Go through the data below and transcribe it exactly. Omit the images.
/---
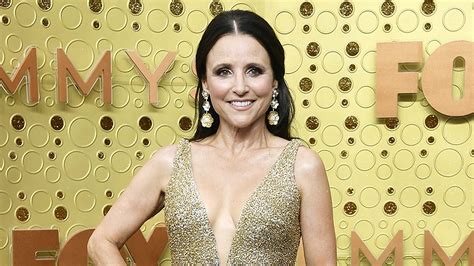 Julia Louis Dreyfus Inks Apple Overall Deal The Hollywood Reporter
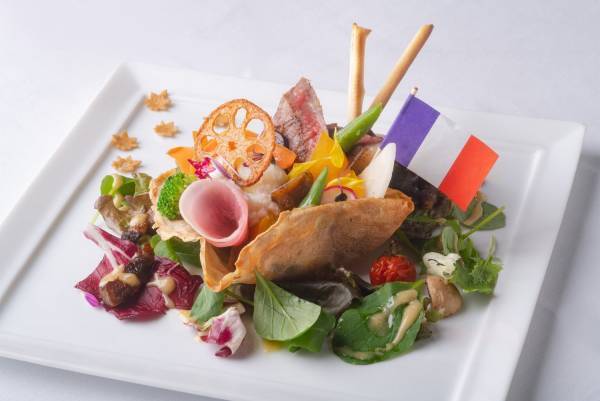 【ひらまつレストラン】国立新美術館で開催中の「庵野秀明展」コラボメニューご提供中 ～ブラッスリー ポール・ボキューズ ミュゼ～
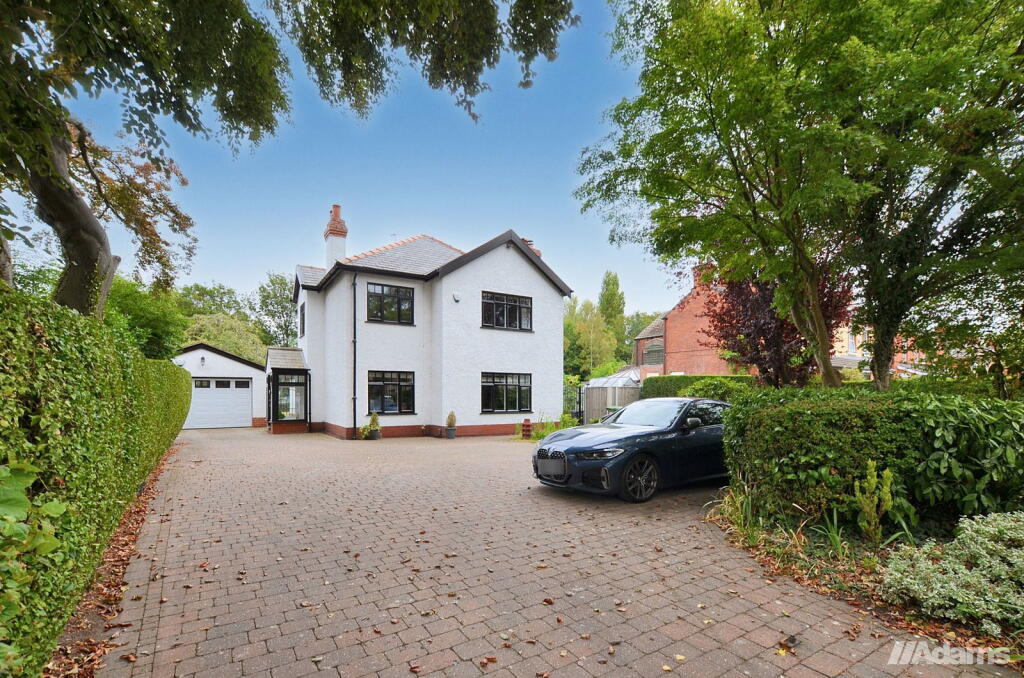4-bed detached on Ditchfield Road, Widnes, £650,000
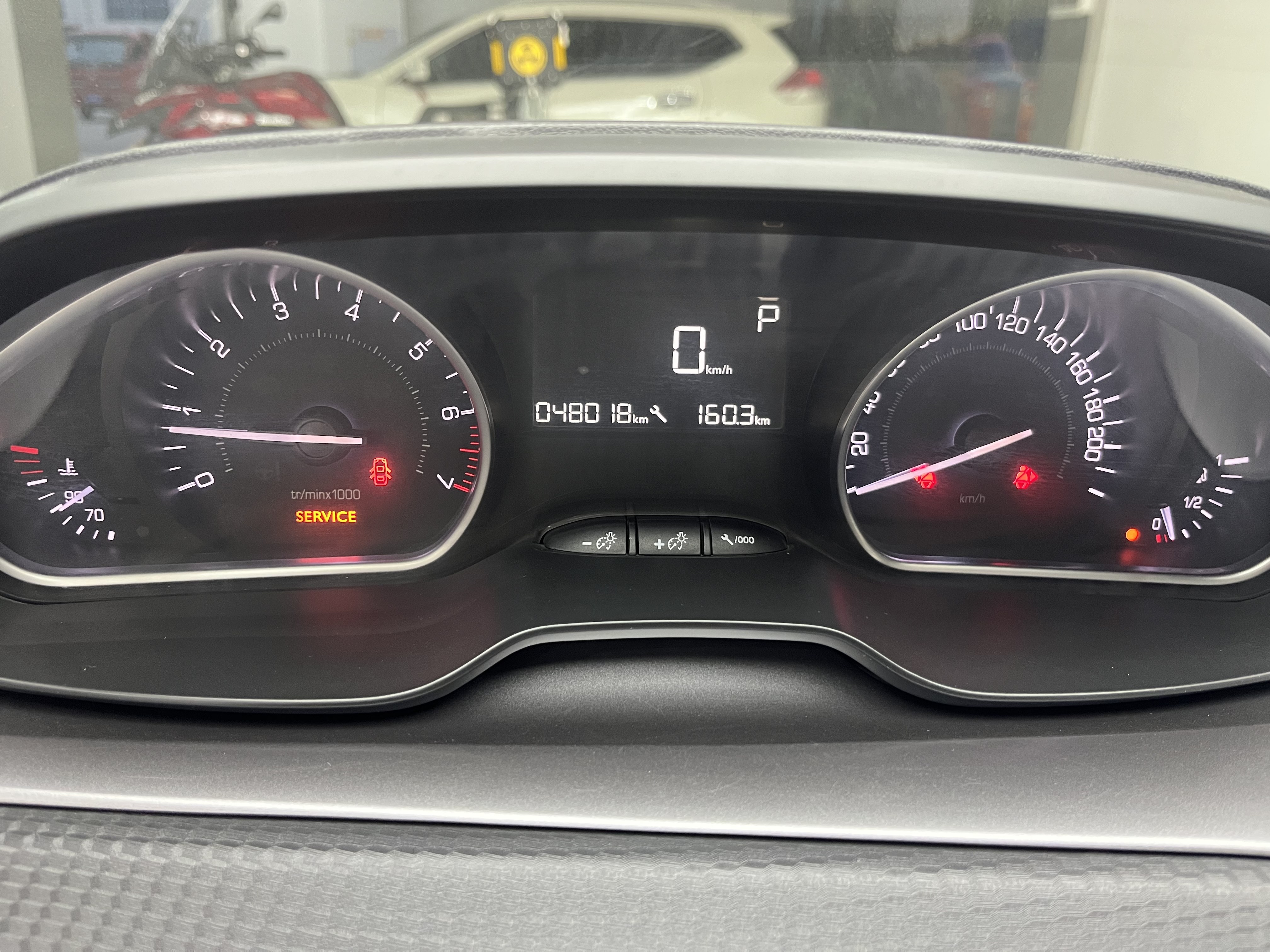 Peugeot 2008 2015 car image #9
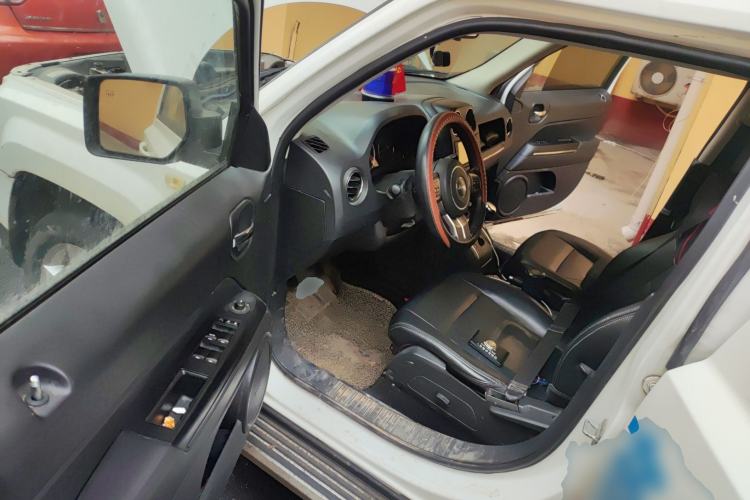 Used Jeep Patriot 2013 2.4 Luxury Navigation Edition Driver Seat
\---
**OUTPUT BELOW**
 Julia Louis Dreyfus Inks Apple Overall Deal The Hollywood Reporter
 【ひらまつレストラン】国立新美術館で開催中の「庵野秀明展」コラボメニューご提供中 ～ブラッスリー ポール・ボキューズ ミュゼ～
4-bed detached on Ditchfield Road, Widnes, £650,000
 Peugeot 2008 2015 car image #9
 Used Jeep Patriot 2013 2.4 Luxury Navigation Edition Driver Seat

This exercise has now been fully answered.